The first thing that we are going to do is to populate our database with some sample data. So for that, I’m going to grab the name of the pod by querying on the label that means app is equal to Postgres. So, this will get us the only pod that is running PostgreSQL and then we are going to do an exec to get into the shell of this pod. Now we are inside the Postgres pod and we can go ahead and execute the psql CLI.

So now we are within the Postgres shell and we can run a bunch of commands to populate a sample database. So let’s go ahead and create a database called PX Demo. Now we can verify this with the slash L command, and we notice that PX Demo database is now created. Let’s quit this and then populate this with some sample data. So we take help of the pgbench CLI to do that. So this is going to create about 5 million rows inside the demo database that we just created. That’s a lot of data. So let’s give it a few seconds and we should have a fully populated sample database.

Alright, let’s verify the creation of this by again getting into the psql shell and querying for the tables. So you noticed that pgbench has created a set of tables and we can now get the count of the number of rows from the accounts table, pgbench hyphen accounts. And that shows about 5 millions rows. Perfect. Now, let’s quit the pgSQL shell and also get it off the pod. So what we are now going to do is to do something pretty crazy. So we’re going to cordon off the node that’s running the Postgres database, which means it will avoid scheduling any new pods on it.

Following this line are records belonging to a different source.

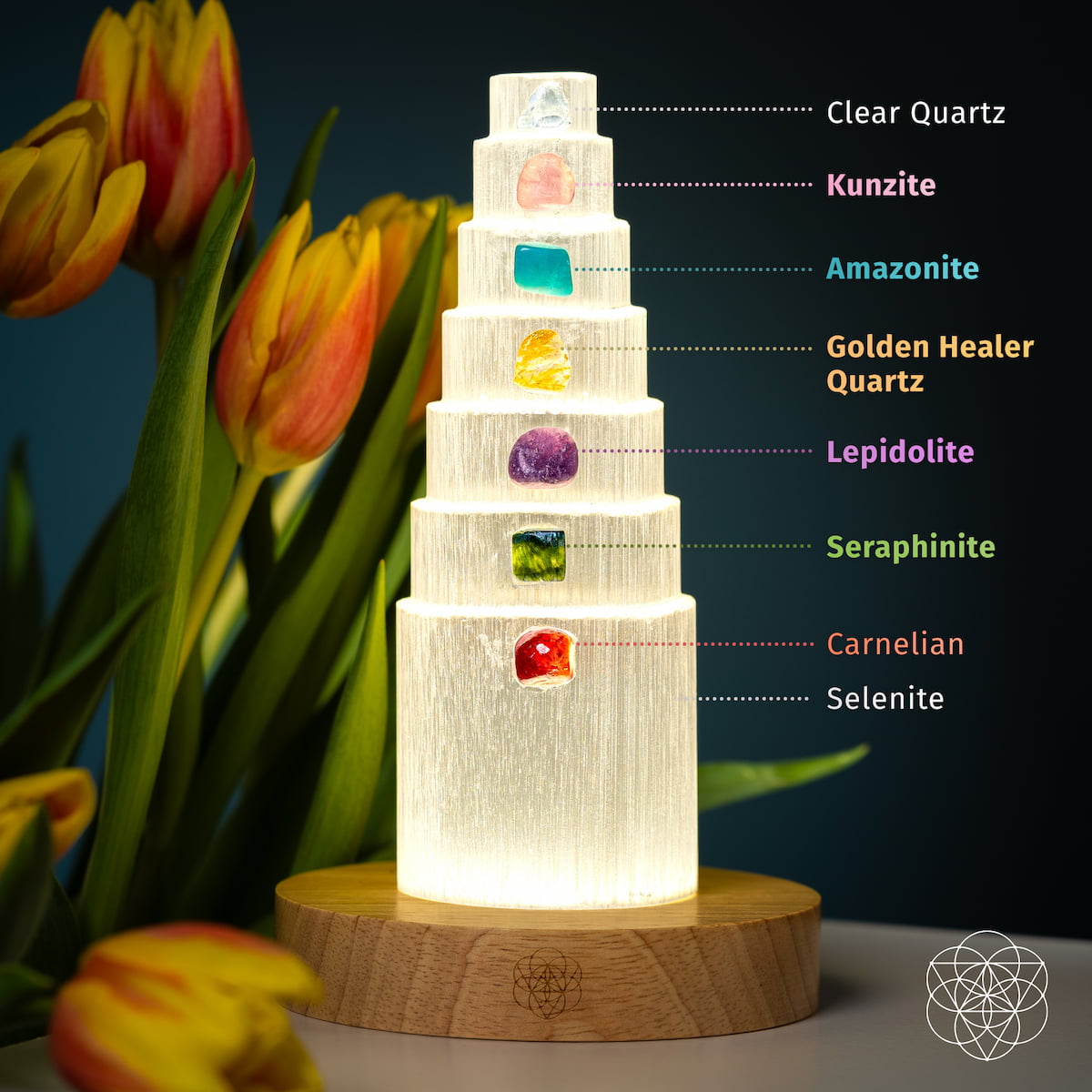Seven-Stone Crystal Sanctuary Lamp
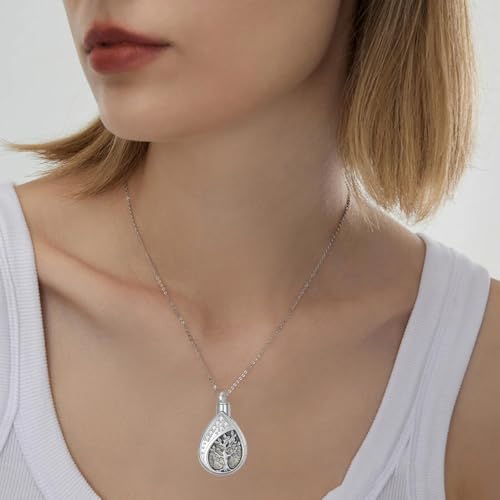 Diamond Tree of Life Urn Necklace for Ashes 925 Sterling Silver Family Tree of Life Cremation with Funnel Filler Ash Holder Keepsake Memorial Jewelry Gifts for Women,18+2 inch - style: Style 0-Moss Agate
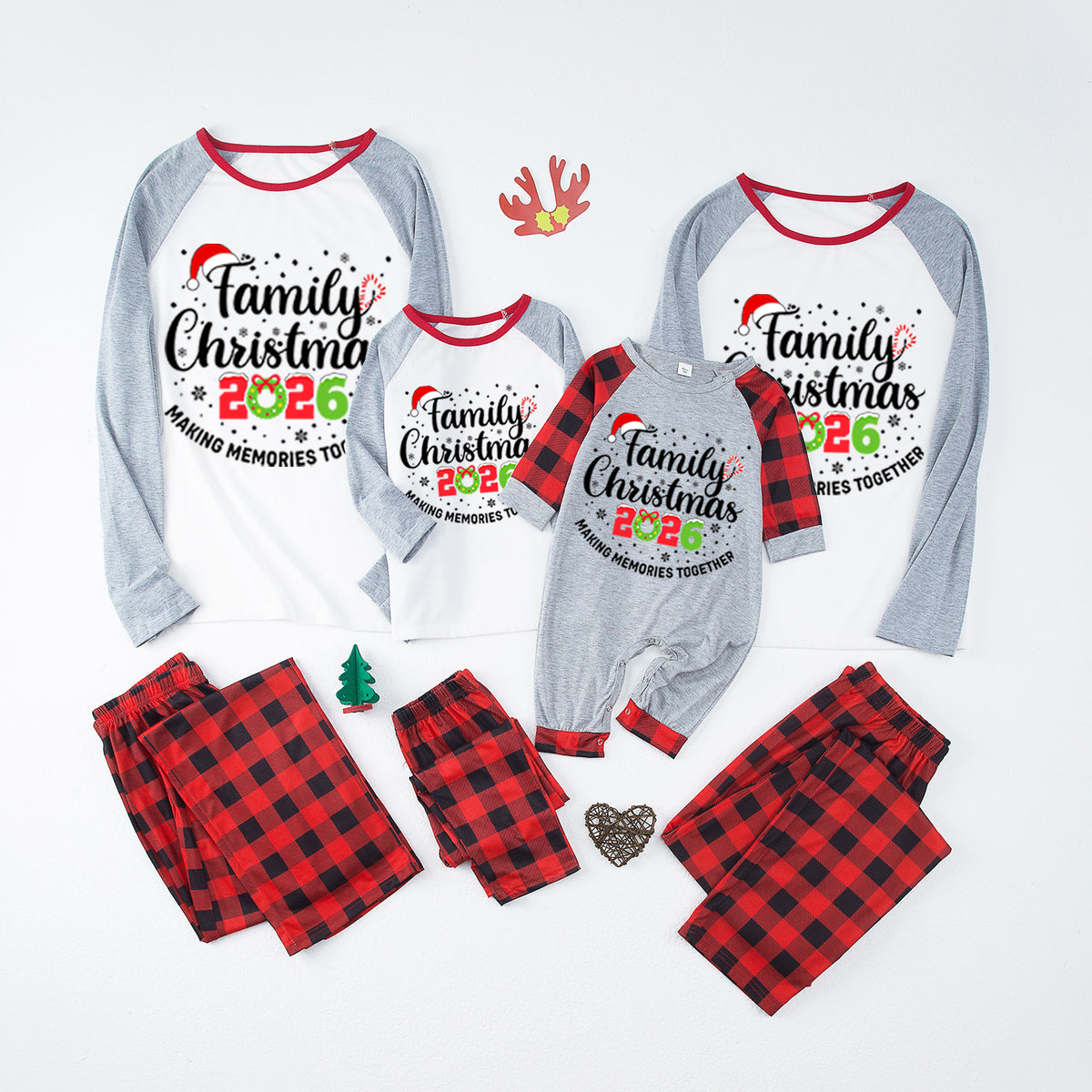 Christmas Pajamas Family Christmas 2026 Candy Cane Script Matching Family Photoshoot Outfit Christmas Sleepwear CHP-113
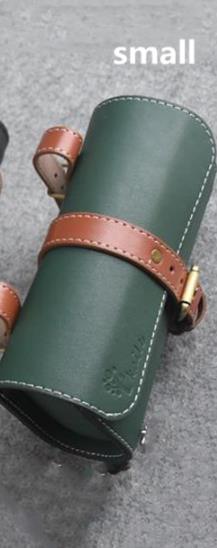 Green Bicycle bag handmade leather rainproof riding bag handlebar saddle bag fit brompton road bike MTB PU leather tool bag - Pogo Cycles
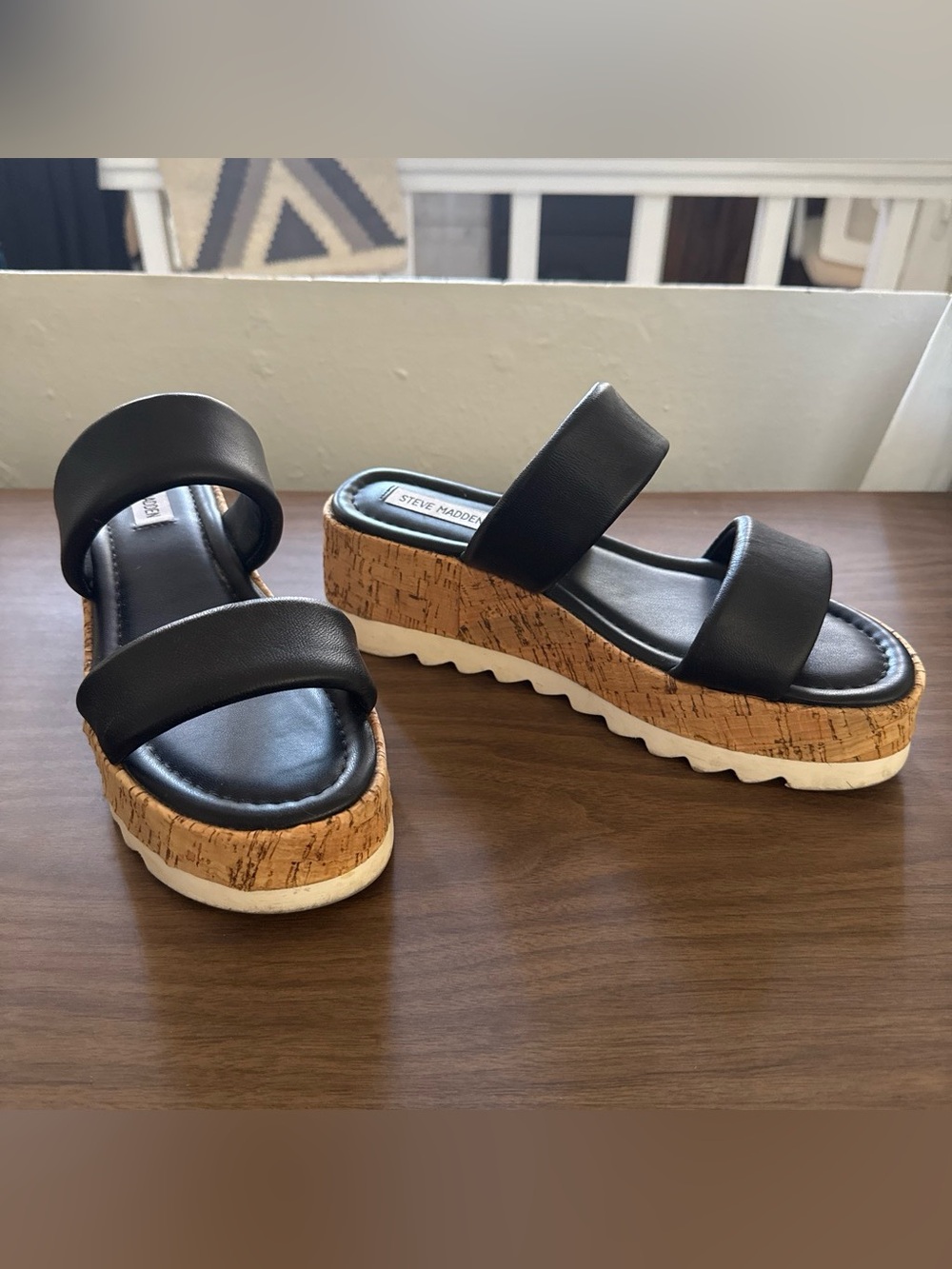 Steve Madden Black Leather Cork Platform Wedges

So to do that, we need to get the name of the node that is primarily running our Postgres database. So when we actually do get pods with this command, we notice that it is running on one of these nodes so we’re going to grab the node name to cordon off the node to avoid further scheduling. What I’m trying to achieve here is to emulate a node failure by cordoning it off, and once we cordon off the node and even going ahead and deleting the pod, we’ll not disrupt our workload because immediately Portworx is going to make sure that the newly created pod is going to be deployed in one of the nodes that already has the data.

So let’s emulate node failure by creating a cordon node. Before that, let’s take a look at the nodes. You notice that all the three nodes are in ready state. All of them are capable of scheduling pods and running them. So we will now go ahead and cordon off the node that is currently running the PostgreSQL pod. So now if we do a “kubectl get nodes”, you notice that the second node, which is primarily responsible for running our current pod is cordoned off. So that means no more pods are going to be scheduled.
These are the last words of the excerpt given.